Create a pandas dataframe called client_assets using the client_assets list data from question 6 of the first problem set.
Display the head of client_assets.
client_assets = pd.DataFrame({"clients" : ["10453", "10983", "10376"], "assets" : [70000, 400000, 5500]})
client_assets.head()
Output:
clients assets
0 10453 70000
1 10983 400000
2 10376 5500
Select rows with assets over 50,000 dollars.
client_assets[client_assets['assets'] > 50000]
Output:
clients assets
0 10453 70000
1 10983 400000
Print the total and average assets.
print(client_assets['assets'].sum())
print(client_assets['assets'].mean())
Output:
475500
158500.0
Using the .iloc method, select all columns for the second observation.
client_assets.iloc[1,:]
Output:
clients 10983
assets 400000
Name: 1, dtype: object
Use the EDGAR datasets published by the SEC to analyze public firms' revenues. Specifically, we'd like to obtain summary statistics for firms' quarterly revenues across industries. Please reference the readme.htm file for information on the data; we will be using the num.txt and sub.txt files.
Open the num.txt file using the Notepad. If you Ctrl+A, you'll find that the file holds more than 2 million rows. We cannot use excel to process this file, because excel can only handle ~ 1 million rows.
Instead, load the num.txt file as num_data into an IPython cell.
Display the head of num_data.
num_data = pd.read_csv('data/num.txt', sep='\t')
num_data.head()
Unfortunately, num_data doesn't include a firm name for each entry.
Load the sub.txt file as sub_data into an IPython cell.
sub_data = pd.read_csv('data/sub.txt', sep='\t')
Use the merge method to inner join num_data and sub_data on the column 'adsh'.
data = pd.merge(num_data, sub_data, how='inner', on='adsh')
Confirm num_data and data have the same number of observations.
(len(num_data) == len(data))
Output:
True
There are many columns that we don't necessarily need to accomplish our goal.
Assign a new dataframe called 'fin_data', with columns: name, sic, fy, fp, form, adsh, tag, value, qtrs, ddate, coreg.
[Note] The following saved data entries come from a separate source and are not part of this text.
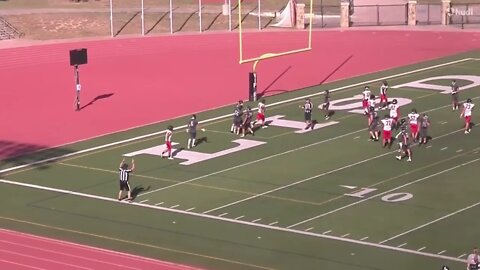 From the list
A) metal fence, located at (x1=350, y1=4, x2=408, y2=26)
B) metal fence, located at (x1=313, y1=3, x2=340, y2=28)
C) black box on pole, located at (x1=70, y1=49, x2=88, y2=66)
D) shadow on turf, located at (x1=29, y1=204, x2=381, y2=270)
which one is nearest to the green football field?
shadow on turf, located at (x1=29, y1=204, x2=381, y2=270)

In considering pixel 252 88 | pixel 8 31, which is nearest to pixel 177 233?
pixel 252 88

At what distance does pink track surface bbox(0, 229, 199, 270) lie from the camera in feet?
98.6

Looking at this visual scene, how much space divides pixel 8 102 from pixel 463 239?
27.1 metres

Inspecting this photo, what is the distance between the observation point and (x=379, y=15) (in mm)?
78938

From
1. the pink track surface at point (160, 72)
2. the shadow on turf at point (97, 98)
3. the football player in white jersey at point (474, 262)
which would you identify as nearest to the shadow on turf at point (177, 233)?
the football player in white jersey at point (474, 262)

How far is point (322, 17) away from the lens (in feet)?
253

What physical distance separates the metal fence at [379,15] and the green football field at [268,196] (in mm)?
29225

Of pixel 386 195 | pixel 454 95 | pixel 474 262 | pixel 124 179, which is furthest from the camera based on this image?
pixel 454 95

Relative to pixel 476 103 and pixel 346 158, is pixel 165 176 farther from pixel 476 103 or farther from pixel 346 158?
pixel 476 103

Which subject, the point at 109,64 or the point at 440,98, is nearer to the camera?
the point at 440,98

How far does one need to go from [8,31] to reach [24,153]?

fin_data = data[['name','sic','fy', 'fp', 'form','adsh','tag','value','qtrs','ddate','coreg']]
Assign a dataframe "q_fin_data_2020" which only includes 10-Q reports. To accomplish this, you need to specify the 'form' column and the 'qtrs' column.
Assign another dataframe which holds the same quarterly data, but only includes "Revenues" in the 'tag' column.
q_fin_data = fin_data[(fin_data['form'] == '10-Q') & (fin_data['qtrs'] == 1)]
rev_q_fin_data = q_fin_data[q_fin_data['tag'] == "Revenues"]
Import matplotlib.pyplot as plt.
Plot a histogram of firms' quarterly revenue using the 'hist()' function. Note that you can declare aesthetic arguments in the function.
Label the plot's title and axes.
How would you characterize the distribution of firms' quarterly revenue?
Please explain the distribution in non-technical terms.
import matplotlib.pyplot as plt
rev_q_fin_data.hist(column='value', bins=70, grid=False, figsize=(12,8), color='#86bf91', zorder=2, rwidth=0.9)
plt.title('Quarterly Revenue Distribution')
plt.xlabel('Quarterly Revenue ($)')
plt.ylabel('Frequency (# observations)')
plt.show()
'''
Heavily right-skewed.
The majority of public firms have low relative quarterly revenues.
'''
Do you expect the mean or median to be larger for firms' quarterly revenue?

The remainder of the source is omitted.